* INSTRUCTIONS FOR THE TASK:
No line before the one containing "Madame Ziggle Wallpaper - Oat" is to be output; retype exactly that line and all lines that follow it to the end of the records.

* TASK DATA:

□ □ □ □

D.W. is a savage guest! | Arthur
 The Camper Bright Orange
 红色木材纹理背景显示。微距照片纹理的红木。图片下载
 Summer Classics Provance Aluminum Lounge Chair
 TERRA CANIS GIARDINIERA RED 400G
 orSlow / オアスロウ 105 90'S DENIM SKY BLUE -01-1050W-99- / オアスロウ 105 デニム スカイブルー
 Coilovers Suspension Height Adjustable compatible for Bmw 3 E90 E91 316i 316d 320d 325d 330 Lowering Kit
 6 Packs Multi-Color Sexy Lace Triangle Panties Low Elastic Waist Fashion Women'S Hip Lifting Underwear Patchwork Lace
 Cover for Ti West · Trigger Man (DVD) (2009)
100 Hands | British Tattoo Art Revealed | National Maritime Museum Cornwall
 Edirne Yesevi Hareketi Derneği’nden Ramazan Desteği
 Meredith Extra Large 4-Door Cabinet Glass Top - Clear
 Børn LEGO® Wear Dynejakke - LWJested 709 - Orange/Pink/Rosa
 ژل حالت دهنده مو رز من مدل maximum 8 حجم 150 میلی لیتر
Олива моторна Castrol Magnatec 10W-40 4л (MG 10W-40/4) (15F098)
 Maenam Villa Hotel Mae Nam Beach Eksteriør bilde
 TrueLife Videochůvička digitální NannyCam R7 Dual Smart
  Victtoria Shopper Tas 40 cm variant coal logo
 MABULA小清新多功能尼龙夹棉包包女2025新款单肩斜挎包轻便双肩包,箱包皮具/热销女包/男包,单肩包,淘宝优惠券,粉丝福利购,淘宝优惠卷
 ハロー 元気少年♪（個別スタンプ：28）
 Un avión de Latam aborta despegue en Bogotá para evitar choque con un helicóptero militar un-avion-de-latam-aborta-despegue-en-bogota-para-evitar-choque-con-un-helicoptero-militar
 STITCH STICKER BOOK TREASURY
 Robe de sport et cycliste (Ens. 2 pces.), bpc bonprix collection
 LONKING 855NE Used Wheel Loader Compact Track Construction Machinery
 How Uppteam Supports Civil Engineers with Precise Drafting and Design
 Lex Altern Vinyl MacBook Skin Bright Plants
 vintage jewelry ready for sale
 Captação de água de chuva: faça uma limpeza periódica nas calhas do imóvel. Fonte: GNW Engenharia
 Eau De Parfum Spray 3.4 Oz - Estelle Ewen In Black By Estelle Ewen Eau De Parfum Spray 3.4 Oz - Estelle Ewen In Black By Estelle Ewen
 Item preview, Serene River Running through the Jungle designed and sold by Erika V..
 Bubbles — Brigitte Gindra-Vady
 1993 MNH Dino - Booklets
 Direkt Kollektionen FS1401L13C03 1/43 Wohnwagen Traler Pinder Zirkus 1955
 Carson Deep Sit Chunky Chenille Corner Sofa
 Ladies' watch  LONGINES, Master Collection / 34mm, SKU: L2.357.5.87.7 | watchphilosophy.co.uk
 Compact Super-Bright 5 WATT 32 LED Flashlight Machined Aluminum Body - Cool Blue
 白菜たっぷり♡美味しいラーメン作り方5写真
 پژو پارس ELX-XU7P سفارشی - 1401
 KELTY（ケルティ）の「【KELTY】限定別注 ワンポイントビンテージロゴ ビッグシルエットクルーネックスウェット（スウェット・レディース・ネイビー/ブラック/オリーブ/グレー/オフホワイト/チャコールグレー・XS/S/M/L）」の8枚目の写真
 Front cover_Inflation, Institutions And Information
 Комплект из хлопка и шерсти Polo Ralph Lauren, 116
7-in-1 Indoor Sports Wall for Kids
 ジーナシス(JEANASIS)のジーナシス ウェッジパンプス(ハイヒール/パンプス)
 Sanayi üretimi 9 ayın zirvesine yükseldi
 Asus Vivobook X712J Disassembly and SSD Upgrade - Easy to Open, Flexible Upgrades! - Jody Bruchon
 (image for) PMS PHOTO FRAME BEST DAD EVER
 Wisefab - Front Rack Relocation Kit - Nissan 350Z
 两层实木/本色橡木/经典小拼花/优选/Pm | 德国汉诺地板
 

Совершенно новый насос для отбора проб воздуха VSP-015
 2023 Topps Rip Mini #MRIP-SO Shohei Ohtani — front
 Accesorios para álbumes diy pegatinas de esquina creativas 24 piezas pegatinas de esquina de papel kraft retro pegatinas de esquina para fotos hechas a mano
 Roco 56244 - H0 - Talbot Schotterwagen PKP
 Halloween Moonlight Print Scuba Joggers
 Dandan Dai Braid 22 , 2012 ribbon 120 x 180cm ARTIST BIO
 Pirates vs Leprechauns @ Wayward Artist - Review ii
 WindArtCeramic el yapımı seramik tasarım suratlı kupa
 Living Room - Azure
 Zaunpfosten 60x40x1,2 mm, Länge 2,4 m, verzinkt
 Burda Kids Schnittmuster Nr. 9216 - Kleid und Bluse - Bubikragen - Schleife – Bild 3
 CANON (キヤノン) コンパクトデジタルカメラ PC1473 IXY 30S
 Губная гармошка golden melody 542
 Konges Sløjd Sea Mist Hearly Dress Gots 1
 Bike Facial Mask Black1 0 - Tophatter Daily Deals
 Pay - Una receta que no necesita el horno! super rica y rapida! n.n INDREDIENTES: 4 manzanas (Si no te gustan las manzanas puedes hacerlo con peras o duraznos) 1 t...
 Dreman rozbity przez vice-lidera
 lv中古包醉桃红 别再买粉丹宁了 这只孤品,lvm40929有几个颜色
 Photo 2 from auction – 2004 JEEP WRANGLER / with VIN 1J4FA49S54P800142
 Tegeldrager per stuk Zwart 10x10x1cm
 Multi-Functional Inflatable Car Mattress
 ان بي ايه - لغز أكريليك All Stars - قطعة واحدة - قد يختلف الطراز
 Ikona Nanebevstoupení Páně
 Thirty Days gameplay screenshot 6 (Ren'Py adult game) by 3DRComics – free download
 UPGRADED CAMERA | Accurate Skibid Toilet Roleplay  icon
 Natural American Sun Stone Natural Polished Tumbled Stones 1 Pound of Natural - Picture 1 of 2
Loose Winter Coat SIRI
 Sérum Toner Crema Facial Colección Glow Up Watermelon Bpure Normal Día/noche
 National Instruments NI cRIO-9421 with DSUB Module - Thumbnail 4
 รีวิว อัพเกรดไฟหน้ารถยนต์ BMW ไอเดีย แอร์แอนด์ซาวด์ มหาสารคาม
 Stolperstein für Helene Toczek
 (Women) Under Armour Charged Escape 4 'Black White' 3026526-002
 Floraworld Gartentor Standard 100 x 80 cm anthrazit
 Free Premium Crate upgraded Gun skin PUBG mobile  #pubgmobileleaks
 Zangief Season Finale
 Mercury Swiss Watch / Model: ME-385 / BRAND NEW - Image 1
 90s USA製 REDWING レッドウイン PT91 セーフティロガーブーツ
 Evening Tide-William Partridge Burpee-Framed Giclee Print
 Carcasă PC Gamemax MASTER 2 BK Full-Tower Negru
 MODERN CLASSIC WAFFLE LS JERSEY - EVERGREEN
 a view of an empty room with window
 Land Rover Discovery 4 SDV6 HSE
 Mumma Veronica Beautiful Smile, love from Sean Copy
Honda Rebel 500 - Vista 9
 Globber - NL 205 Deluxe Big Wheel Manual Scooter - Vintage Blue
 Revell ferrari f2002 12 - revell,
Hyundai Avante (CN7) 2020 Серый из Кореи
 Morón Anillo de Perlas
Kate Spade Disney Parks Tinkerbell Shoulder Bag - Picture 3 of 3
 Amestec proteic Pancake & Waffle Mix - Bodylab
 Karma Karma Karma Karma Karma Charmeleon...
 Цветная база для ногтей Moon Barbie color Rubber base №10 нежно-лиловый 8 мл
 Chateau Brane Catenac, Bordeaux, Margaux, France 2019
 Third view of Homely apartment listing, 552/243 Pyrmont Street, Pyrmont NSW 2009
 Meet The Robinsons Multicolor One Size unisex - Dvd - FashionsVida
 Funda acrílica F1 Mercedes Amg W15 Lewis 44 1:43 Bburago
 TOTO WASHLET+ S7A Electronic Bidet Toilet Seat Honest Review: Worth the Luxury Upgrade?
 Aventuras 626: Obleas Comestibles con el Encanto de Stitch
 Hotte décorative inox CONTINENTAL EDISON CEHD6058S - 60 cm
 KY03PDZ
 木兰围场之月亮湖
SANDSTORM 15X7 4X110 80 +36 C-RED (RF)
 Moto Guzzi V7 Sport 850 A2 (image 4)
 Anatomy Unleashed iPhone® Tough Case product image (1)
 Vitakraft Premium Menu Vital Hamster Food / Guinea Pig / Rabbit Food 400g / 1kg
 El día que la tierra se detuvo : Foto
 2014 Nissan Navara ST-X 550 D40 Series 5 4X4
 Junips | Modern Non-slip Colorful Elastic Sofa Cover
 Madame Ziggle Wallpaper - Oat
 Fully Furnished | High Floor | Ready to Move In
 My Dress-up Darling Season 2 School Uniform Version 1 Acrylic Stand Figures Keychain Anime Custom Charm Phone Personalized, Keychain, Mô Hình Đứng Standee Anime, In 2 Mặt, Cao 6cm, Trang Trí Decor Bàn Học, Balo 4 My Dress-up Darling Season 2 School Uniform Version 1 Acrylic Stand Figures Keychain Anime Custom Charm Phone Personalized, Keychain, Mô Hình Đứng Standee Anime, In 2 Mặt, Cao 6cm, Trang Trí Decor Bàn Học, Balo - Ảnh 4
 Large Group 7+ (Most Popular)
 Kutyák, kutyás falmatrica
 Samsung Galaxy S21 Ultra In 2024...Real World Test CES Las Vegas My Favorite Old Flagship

□ □ □ □

* WRITTEN RESPONSE:
 Madame Ziggle Wallpaper - Oat
 Fully Furnished | High Floor | Ready to Move In
 My Dress-up Darling Season 2 School Uniform Version 1 Acrylic Stand Figures Keychain Anime Custom Charm Phone Personalized, Keychain, Mô Hình Đứng Standee Anime, In 2 Mặt, Cao 6cm, Trang Trí Decor Bàn Học, Balo 4 My Dress-up Darling Season 2 School Uniform Version 1 Acrylic Stand Figures Keychain Anime Custom Charm Phone Personalized, Keychain, Mô Hình Đứng Standee Anime, In 2 Mặt, Cao 6cm, Trang Trí Decor Bàn Học, Balo - Ảnh 4
 Large Group 7+ (Most Popular)
 Kutyák, kutyás falmatrica
 Samsung Galaxy S21 Ultra In 2024...Real World Test CES Las Vegas My Favorite Old Flagship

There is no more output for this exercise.